Standouts include Cimo as Carlo/Carlotta, the diva to rule them all; Doug Schneider as the vanilla-suited impresario Arthur; and Craig Smith as Frank, rising above camp with his moving number, "An Angel of My Own." As you'd expect from a show about a gay theater company, the costume design by Alex Valentin is playful and appropriately over the top when it needs to be.
So what if director Keith Fitzgerald is more concerned with casting hunky men instead of the world's strongest singers, or that it isn't always clear if we're watching the musical or the musical within the musical? So what if Marisa Guida's choreography is simplistic at times, or Alex Ginder's set design doesn't have the biggest budget? So what if Joe was just having a bad day, and didn't seem to have much of a reason to wish he weren't gay? So what if the show's first act gets bogged down in diva drama and could excise about three numbers?

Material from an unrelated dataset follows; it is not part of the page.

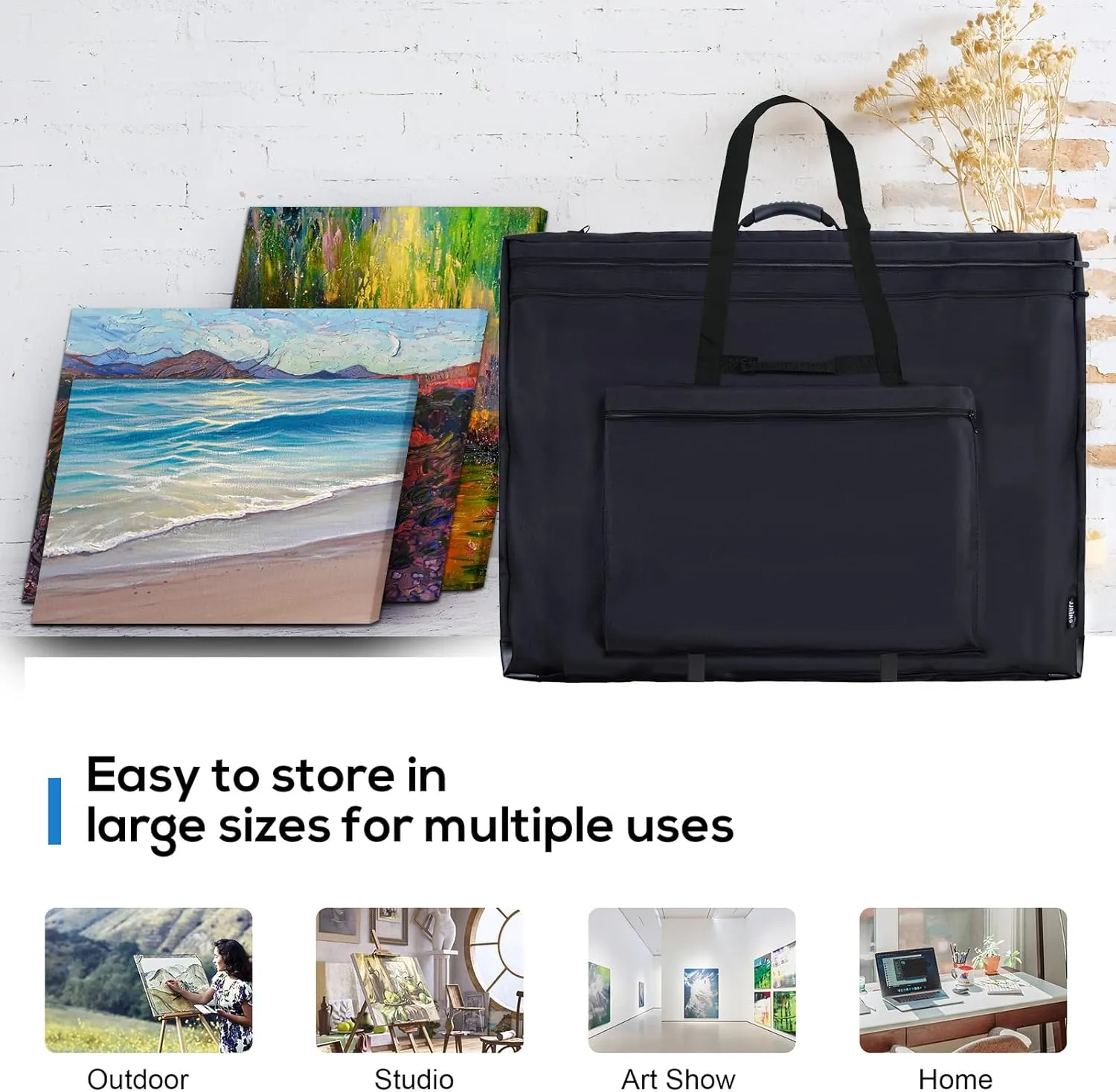 JJRING 36x48 Art Portfolio Tote Bag - Large Carrying Storage Case with Handle & Adjustable Shoulder Strap, Portfolio Folder for Artwork, Posters, Canvas, Drawing Boards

The bottom line is that "It's a Fabulous Life" successfully executes its camp, it's a lot of fun, and it's better than the usual saccharine offerings that some holiday stages provide. If the show's problems don't scare you away, it just might fit your criteria for an enjoyable night of theater. S
"It's a Fabulous Life" plays through Dec. 14 at Richmond Triangle Players, 1300 Altamont Ave. For information, call 346-8113 or visit rtriangle.org.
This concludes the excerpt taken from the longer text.